The film’s first hour is devoted to the lead up to the act that kicks off the revenge rampage and, whilst it has a few decent hypnotic scenes, there is absolutely no reason for this act to last an entire goddamned hour. The sheer length of time and endless… slow… drawled… beat-filled… speeches reach for a profundity the film doesn’t actually have and certain stylistic beats, like dissolving Mandy and the cult leader’s faces into one another so that they’re basically inseparable, lose whatever coolness they had by Cosmatos going to the well with them way too many times.
Which brings me to my most personal of criticisms: like a lot of prog-rock, it’s utter nonsense and I genuinely can’t tell how much of it is meant to be taken seriously and how much of it is aware that it’s very silly. Because Mandy is very, very, very silly – you’ve likely already heard about the much-vaunted chainsaw duel, and it is just as gloriously stupid in reality as it sounds on paper. But it moves at a glacier’s pace, lingers on scenes and beats for egregiously long stretches of time, and it’s coated in so much attempted symbolism that I can’t help but think there’s a deeper layer I’m either missing or finding drowned out by Carpenters gags, pithy one-liners, and the kind of overblown axe-forging montages you only ever saw in videos featured on MTV’s Headbanger’s Ball segments.
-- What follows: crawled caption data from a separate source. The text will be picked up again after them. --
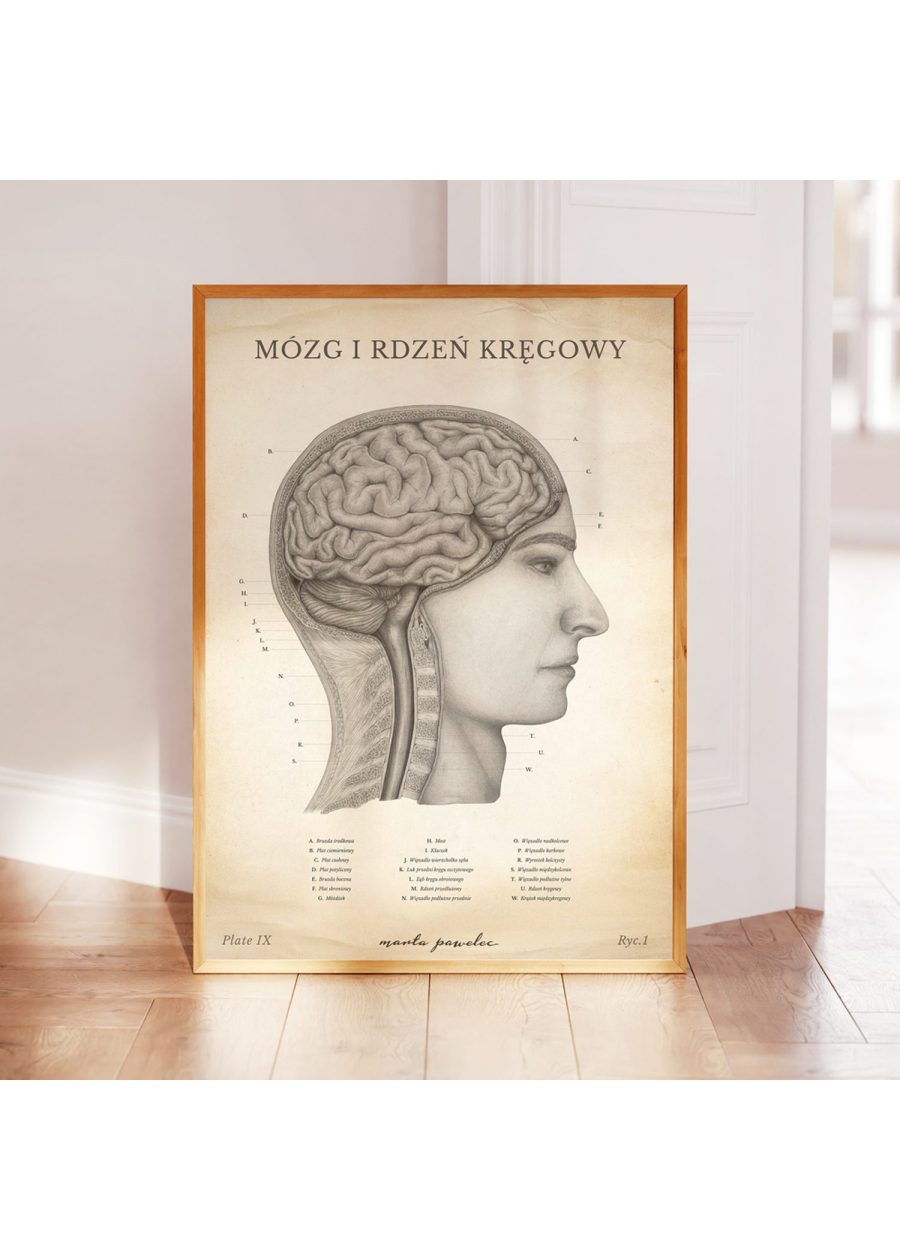 Plakat Mózg i Rdzeń Kręgowy Vintage — zdjęcie 3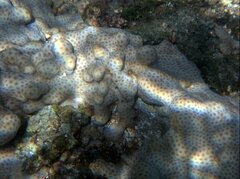 Palythoa tuberculosa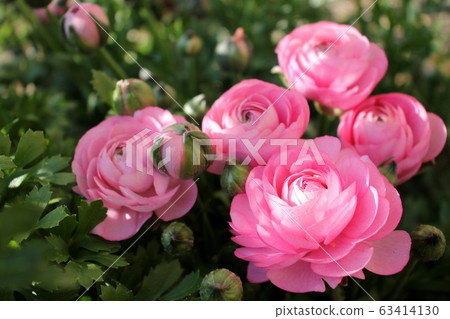 Ranunculus 63414130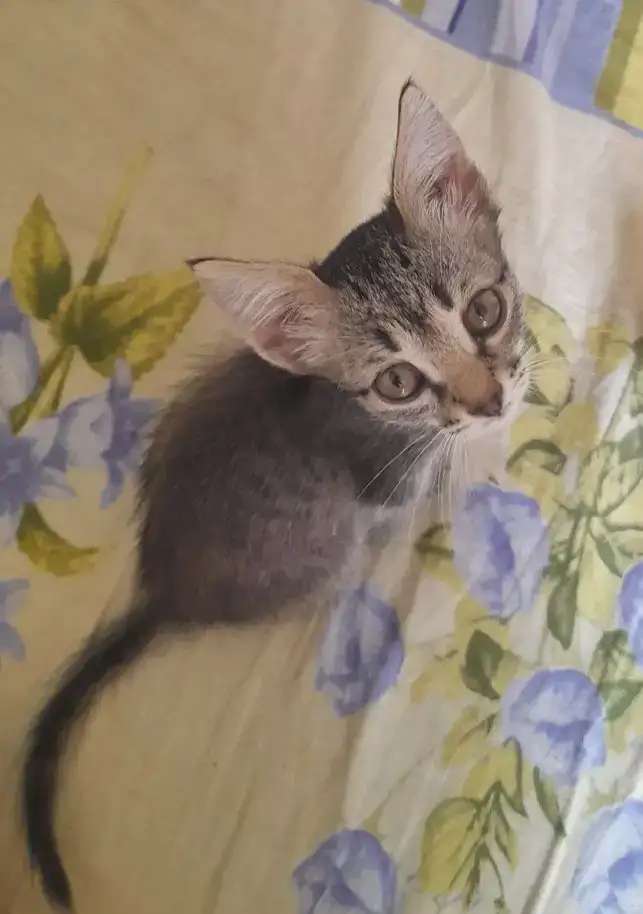 Котята ответственным хозяевам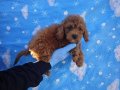 A kalite kıvırcık tüy yapılı Toy Poodle bebekler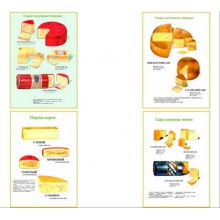 Плакаты ПРОФТЕХ "Ассортимент сыров" (9 пл, винил, 70х100)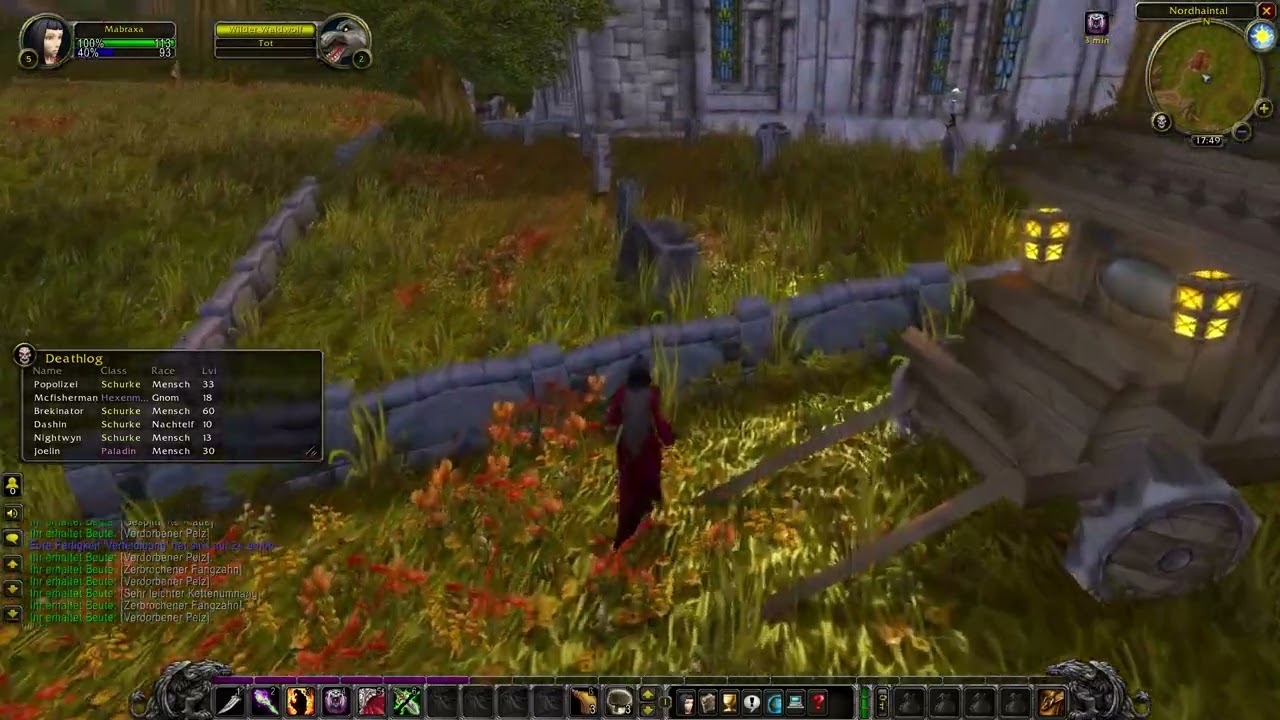 World of Warcraft Hexenmeister Gameplay/Hardcore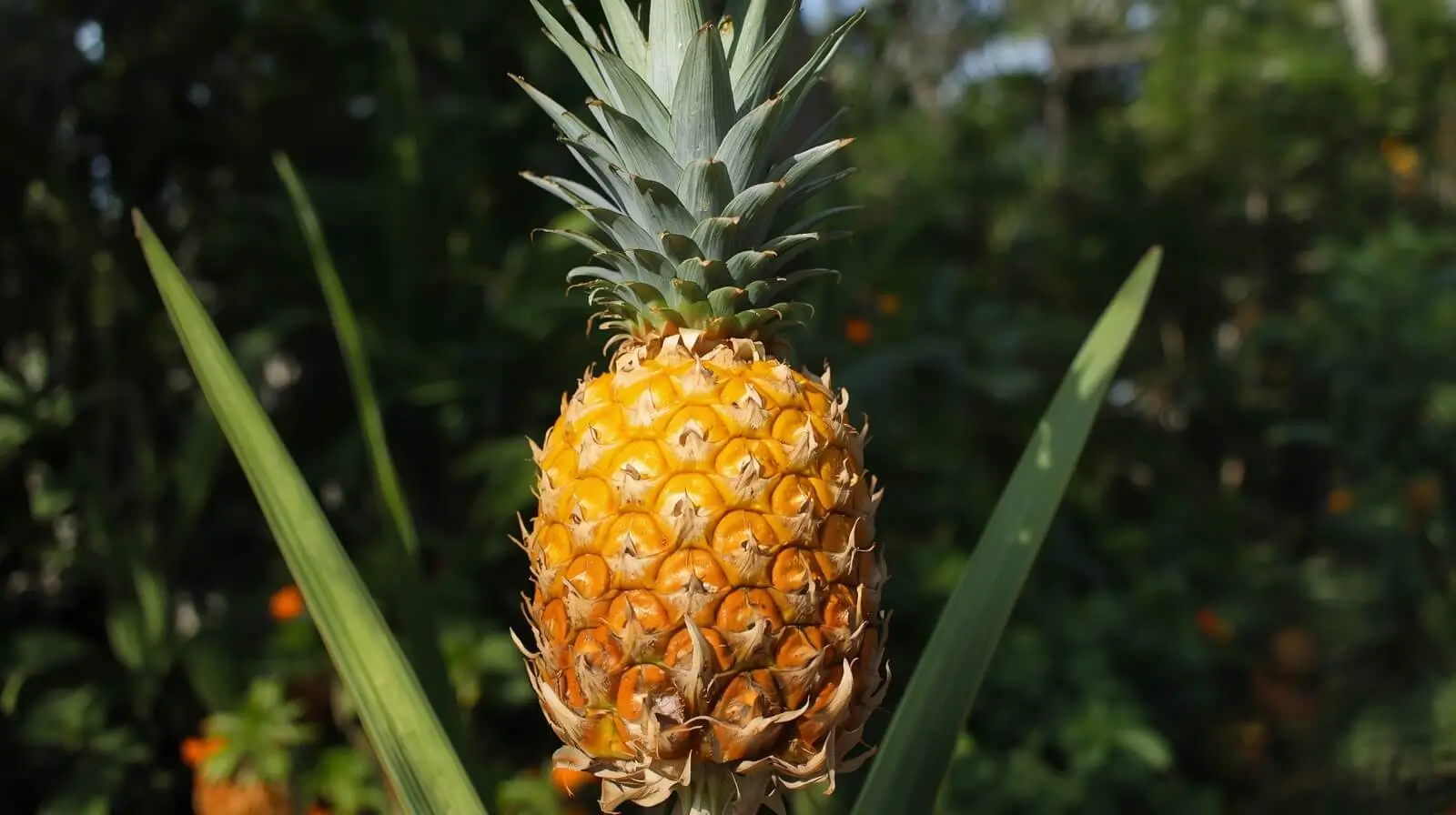 elite gold pineapple plant
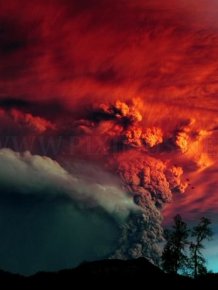 Chile's Puyehue Volcano Erupts 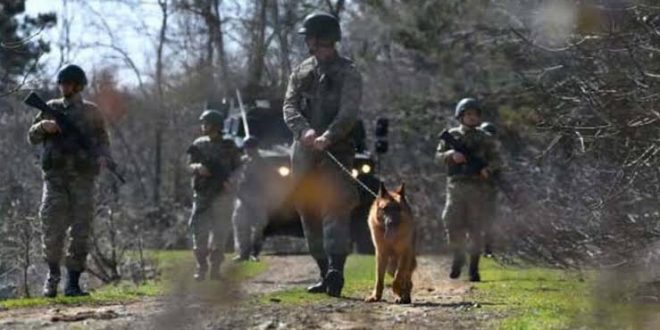 Yunanistan'dan kaçak girmeye çalışan 39 kişi yakalandı
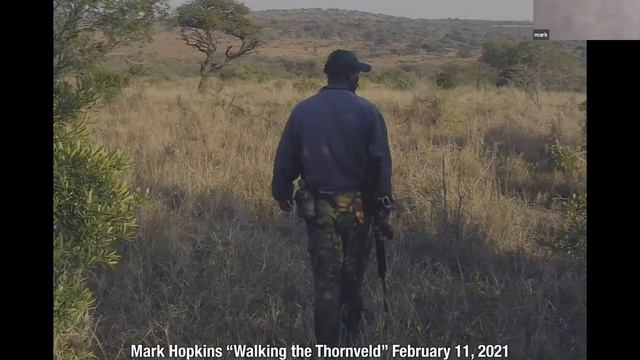 Carlisle Council on Aging Mark Hopkins Walking the Thornveld. February 11, 2021. смотреть онлайн
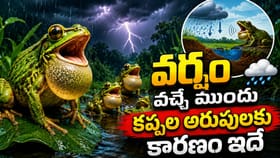 వర్షం పడే ముందు కప్పలు ఎందుకు అరుస్తాయ్..? అసలు రహస్యం ఇదే..!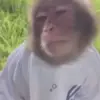 😒 Эмодзи «Monkeys» для Telegram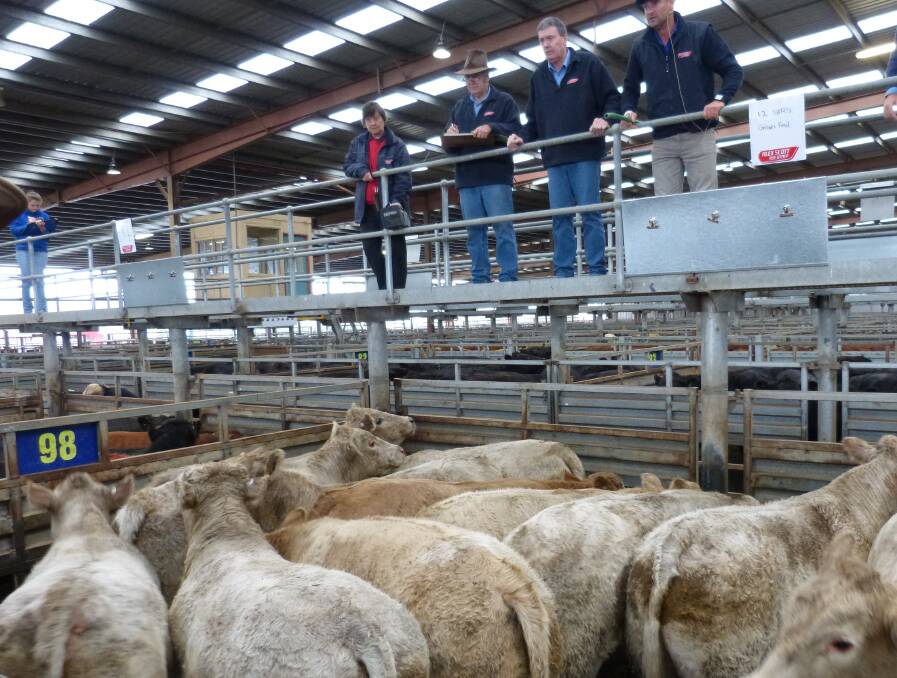 Alex Scott & Staff's selling team sell these grain fed Charolais steers, weighing 528 kilograms liveweight, for 350c/kg at Pakenham, Monday, in a steady market.
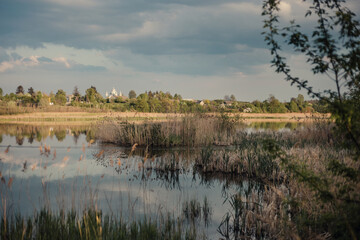 Landscape through the reeds on the lake and houses in the village. View through the reeds to the village. 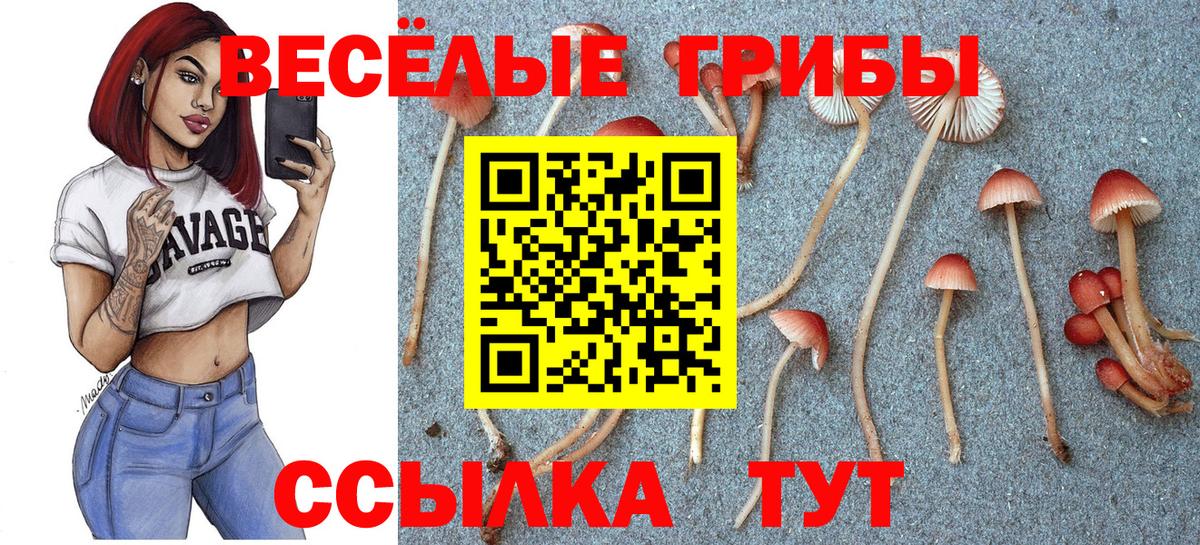 Галлюциногенные грибы Psilocybine cubensis Губкинский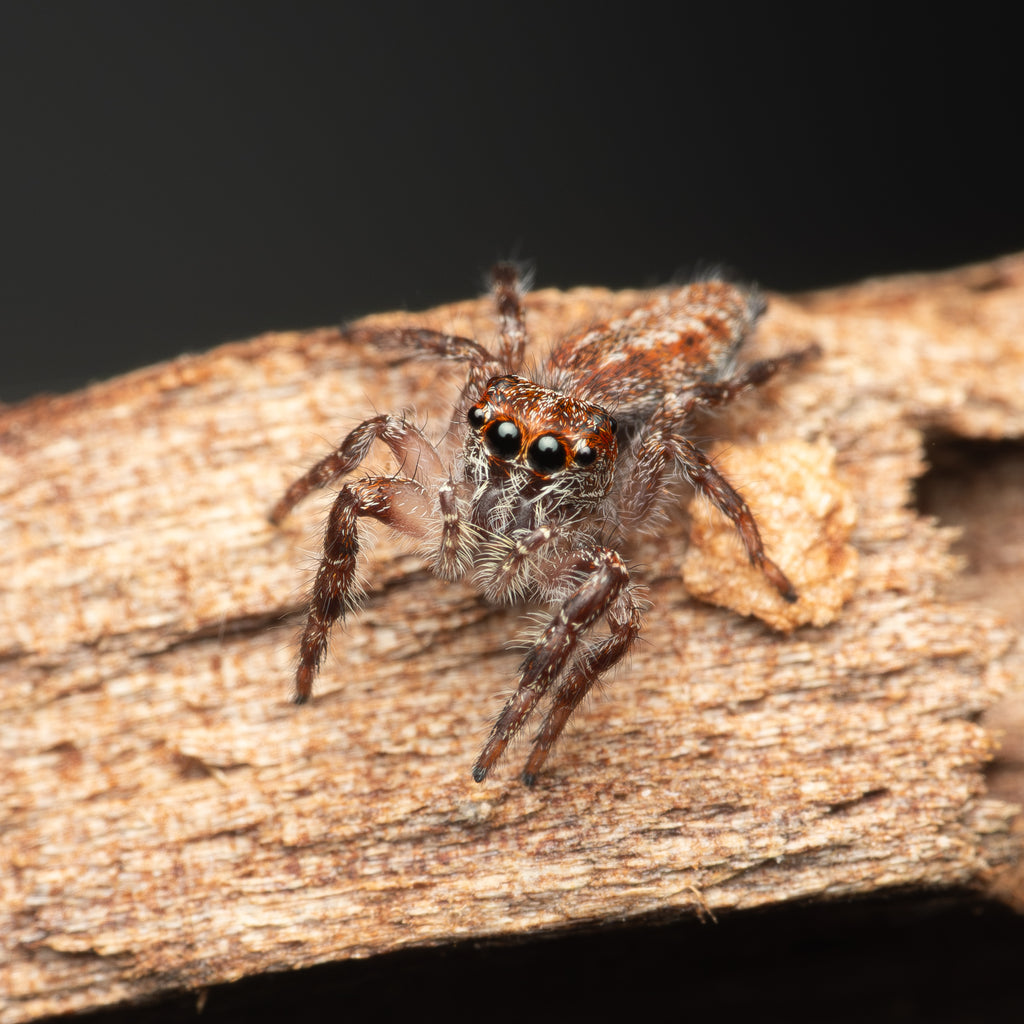 Sandalodes superbus unsexed juvenile captive born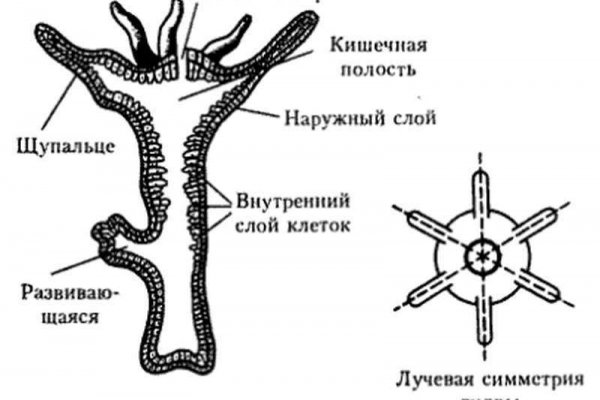 Кракен как зайти через тор браузер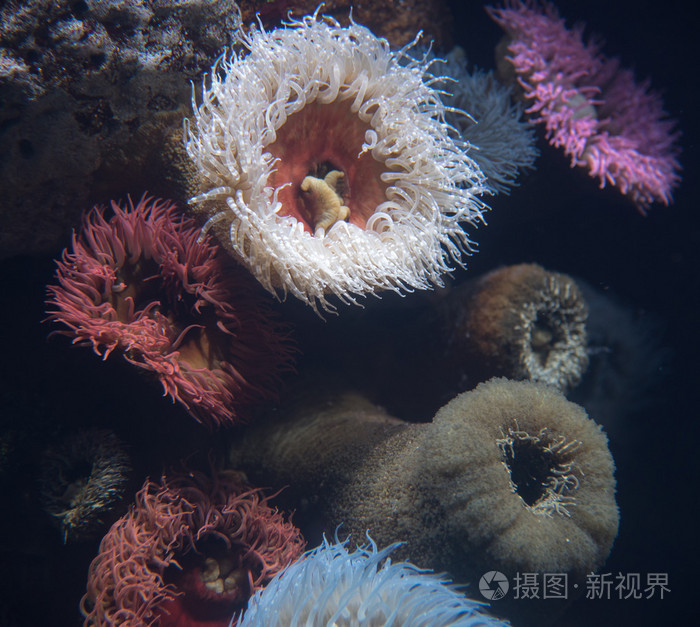 海葵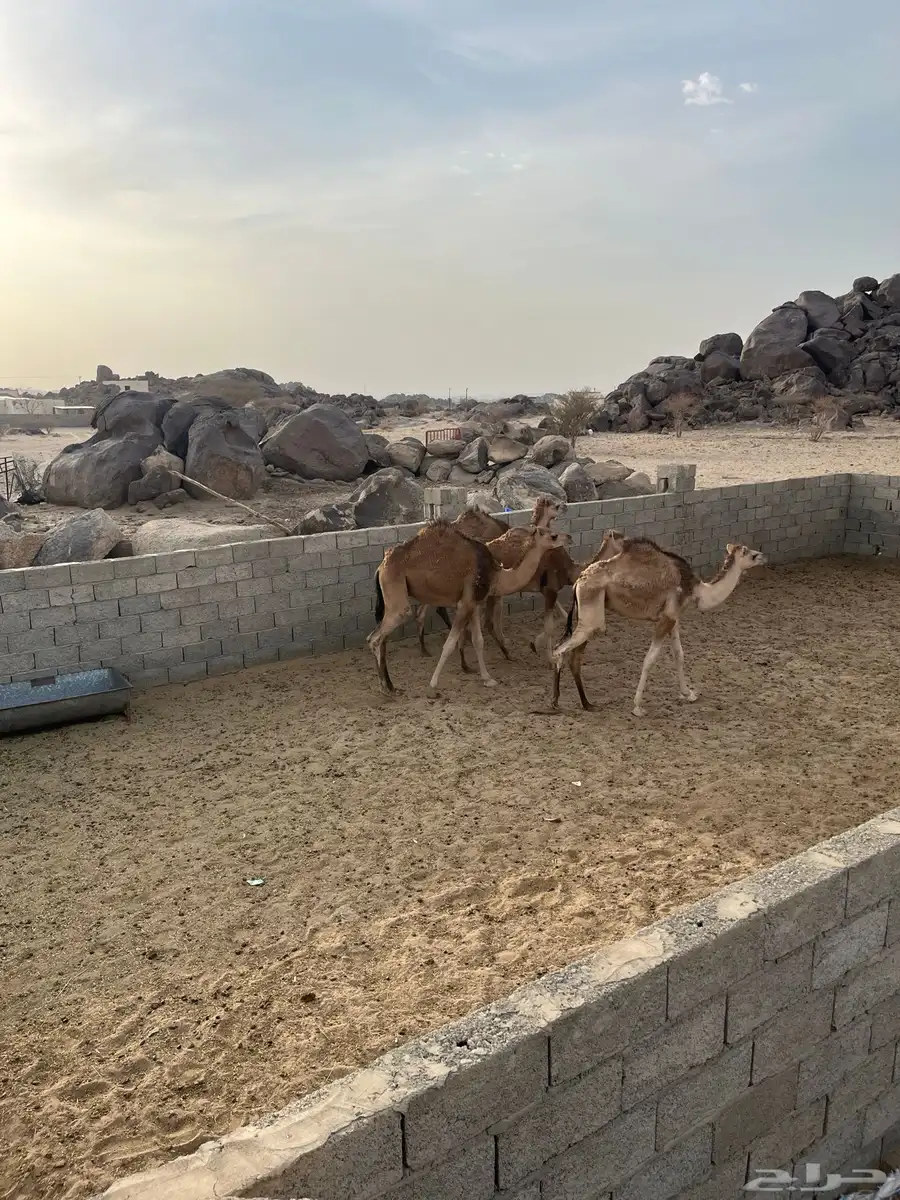 قعدان 1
I’ll say this much, I can guarantee that you and I will not see anything else like Mandy for the rest of this year, maybe the rest of this decade and possibly even the next. It is a one-of-a-kind, leaving-everything-on-the-table work of a singular creative vision that will cut straight to the hearts of those attuned to its wavelength and pick up a deserved rabid cult following. Everyone else will probably sit semi-appreciative and somewhat-bewildered by what is basically Archer‘s Kreiger painting another Rush album cover onto the side of his van.
Mandy will be on general release in UK cinemas on Friday 12th October.